Today, Afghanistan supplies 80 percent of the world’s heroin, thanks to the US and its Nato allies for their wonderful counter-narcotic crusades. While the Taliban were no angels when it comes to their horrifying regime and I am not going to glorify their war against poppy, there is a broader consensus that when the Taliban were in power “Afghanistan had almost completely eradicated opium”, according to UN data from 1996 to 2001. Today, poppy cultivation and opium production is a major source of revenue and employment, as well as a key source of income for Taliban insurgents.

Of the total $2 trillion, the US has poured in this war, $87 billion has gone to train the Afghan military and police forces. While the US has allocated incredible financing to raise an efficient and well-equipped army, Afghanistan finds it a Herculean task to support and sustain its military on its own. The US funds have sponsored the Afghan Army and police forces through equipment, training and cash grants. Here too, the results are not what the US and Afghanistan leadership would have anticipated.

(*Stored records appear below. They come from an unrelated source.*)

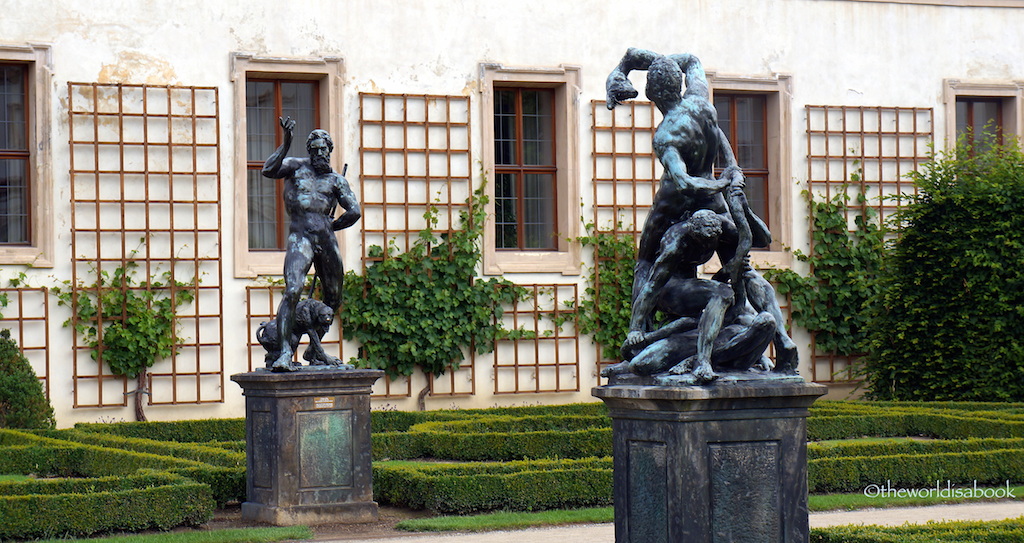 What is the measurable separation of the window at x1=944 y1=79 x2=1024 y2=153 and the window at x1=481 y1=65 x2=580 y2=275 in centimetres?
541

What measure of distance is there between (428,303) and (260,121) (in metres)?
2.91

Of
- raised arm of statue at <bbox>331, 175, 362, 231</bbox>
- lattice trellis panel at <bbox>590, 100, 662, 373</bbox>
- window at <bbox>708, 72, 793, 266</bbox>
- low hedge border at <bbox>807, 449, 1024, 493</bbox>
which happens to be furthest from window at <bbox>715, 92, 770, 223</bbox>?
raised arm of statue at <bbox>331, 175, 362, 231</bbox>

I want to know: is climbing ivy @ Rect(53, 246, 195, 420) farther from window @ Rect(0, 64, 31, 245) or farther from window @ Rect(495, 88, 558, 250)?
window @ Rect(495, 88, 558, 250)

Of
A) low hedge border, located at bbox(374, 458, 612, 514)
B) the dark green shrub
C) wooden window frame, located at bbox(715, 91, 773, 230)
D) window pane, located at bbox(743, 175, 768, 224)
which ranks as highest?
wooden window frame, located at bbox(715, 91, 773, 230)

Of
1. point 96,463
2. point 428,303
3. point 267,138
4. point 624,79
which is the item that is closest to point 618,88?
point 624,79

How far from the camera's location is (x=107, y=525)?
9.11m

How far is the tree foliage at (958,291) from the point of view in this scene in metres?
16.7

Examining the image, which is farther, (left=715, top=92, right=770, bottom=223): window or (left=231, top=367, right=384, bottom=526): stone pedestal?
(left=715, top=92, right=770, bottom=223): window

A New York Times report has argued validly that “nobody in Afghanistan – not the American military, and not President Ashraf Ghani’s top advisers – thinks Afghan military forces could support themselves”. There are numerous tales and reports of widespread desertions and of changing allegiance when the situations demand so. The struggle for existence is applicable everywhere (which is why Darwin should be taught, whether we agree or disagree with him). But here the US deserves appreciation for building an army from scratch; and no doubt Afghan soldiers have sacrificed thousands of its troops against the ruthless Taliban assault.

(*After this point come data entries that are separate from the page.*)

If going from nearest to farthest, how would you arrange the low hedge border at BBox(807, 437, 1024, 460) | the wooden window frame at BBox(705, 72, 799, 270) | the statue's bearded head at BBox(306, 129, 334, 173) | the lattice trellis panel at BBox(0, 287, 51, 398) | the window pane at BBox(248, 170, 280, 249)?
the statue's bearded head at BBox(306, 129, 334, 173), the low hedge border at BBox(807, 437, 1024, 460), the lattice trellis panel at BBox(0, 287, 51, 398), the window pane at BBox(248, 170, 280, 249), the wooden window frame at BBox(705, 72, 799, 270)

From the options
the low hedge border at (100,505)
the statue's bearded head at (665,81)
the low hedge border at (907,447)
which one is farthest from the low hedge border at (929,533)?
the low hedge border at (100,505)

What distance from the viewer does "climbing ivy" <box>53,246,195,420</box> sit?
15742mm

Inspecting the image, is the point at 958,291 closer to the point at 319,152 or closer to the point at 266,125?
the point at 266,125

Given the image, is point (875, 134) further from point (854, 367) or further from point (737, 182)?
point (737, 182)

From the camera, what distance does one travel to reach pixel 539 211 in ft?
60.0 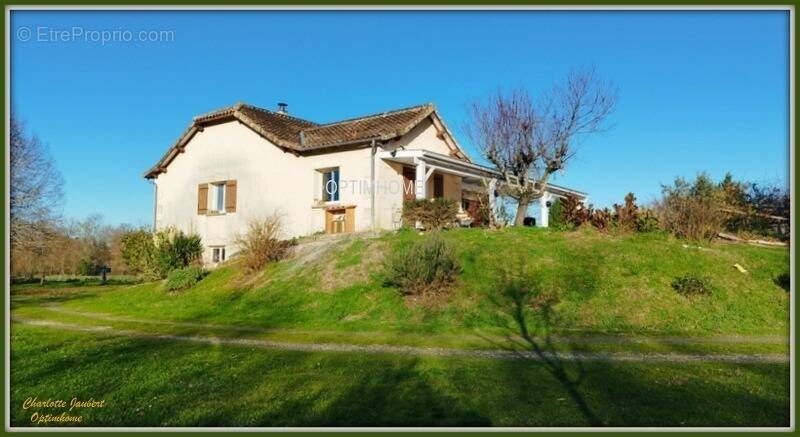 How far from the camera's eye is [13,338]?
38.8 ft

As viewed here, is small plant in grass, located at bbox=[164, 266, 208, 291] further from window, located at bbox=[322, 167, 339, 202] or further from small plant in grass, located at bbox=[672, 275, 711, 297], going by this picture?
small plant in grass, located at bbox=[672, 275, 711, 297]

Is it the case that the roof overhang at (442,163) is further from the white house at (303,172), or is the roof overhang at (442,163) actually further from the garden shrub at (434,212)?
the garden shrub at (434,212)

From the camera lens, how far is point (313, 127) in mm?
25953

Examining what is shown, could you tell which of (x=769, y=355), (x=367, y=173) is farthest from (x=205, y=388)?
(x=367, y=173)

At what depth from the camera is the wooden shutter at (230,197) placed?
971 inches

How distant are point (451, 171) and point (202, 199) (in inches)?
474

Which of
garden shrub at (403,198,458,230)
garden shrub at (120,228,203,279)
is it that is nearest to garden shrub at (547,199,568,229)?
garden shrub at (403,198,458,230)

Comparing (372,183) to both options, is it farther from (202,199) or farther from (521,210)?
(202,199)

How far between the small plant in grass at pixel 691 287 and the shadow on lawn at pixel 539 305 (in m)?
1.90

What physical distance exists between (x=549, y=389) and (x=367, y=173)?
1499cm

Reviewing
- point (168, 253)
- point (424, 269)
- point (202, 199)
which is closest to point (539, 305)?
point (424, 269)

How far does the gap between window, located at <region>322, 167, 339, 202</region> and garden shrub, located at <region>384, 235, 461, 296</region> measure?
828 centimetres

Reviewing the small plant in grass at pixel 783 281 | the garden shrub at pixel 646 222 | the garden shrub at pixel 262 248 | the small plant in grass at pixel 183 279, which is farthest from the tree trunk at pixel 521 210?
the small plant in grass at pixel 183 279

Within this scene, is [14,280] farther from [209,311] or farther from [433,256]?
[433,256] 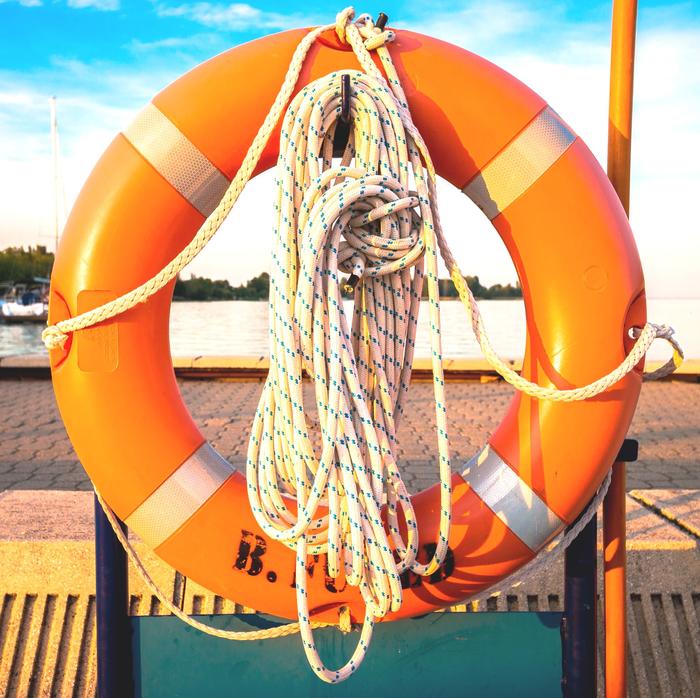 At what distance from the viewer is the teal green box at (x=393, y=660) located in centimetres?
177

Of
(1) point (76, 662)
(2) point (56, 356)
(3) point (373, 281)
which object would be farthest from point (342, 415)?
(1) point (76, 662)

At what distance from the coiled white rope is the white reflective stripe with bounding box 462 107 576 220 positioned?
21 cm

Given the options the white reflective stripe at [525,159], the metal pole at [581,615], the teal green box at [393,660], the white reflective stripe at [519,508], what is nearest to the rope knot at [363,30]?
the white reflective stripe at [525,159]

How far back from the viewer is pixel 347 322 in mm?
1415

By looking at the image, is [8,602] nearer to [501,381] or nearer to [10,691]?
[10,691]

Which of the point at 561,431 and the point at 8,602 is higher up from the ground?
the point at 561,431

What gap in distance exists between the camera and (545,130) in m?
1.66

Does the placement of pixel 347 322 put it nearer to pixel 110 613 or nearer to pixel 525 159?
pixel 525 159

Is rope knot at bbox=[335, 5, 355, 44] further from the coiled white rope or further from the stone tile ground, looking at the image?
the stone tile ground

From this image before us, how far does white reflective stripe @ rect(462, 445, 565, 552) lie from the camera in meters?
1.65

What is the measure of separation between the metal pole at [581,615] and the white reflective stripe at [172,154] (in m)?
1.13

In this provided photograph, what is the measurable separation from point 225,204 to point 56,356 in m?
0.51

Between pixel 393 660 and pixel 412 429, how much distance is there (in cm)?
331

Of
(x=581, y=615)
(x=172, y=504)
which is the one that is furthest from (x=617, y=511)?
(x=172, y=504) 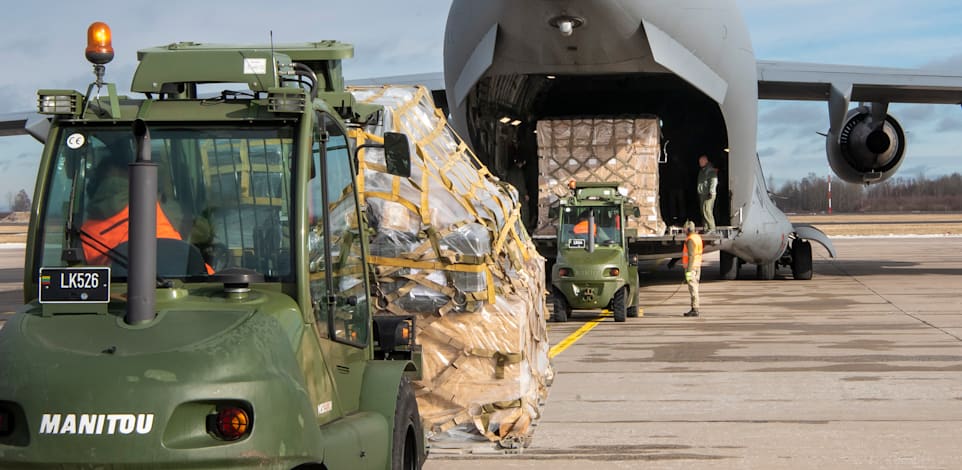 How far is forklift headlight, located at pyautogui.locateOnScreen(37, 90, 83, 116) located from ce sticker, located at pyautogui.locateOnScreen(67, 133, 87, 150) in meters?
0.09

Over the course of this protracted war, the US alone has disbursed more than $100 billion in the country for economic development and reconstruction programmes. After toppling the Taliban regime, President Bush delineated in 2002 that “by helping to build an Afghanistan that is free from this evil and is a better place in which to live, we are working in the best traditions of George Marshall”. Marshall was US Secretary of State and the architect of the plan that abetted in rebuilding the war-battered European economies following World War II.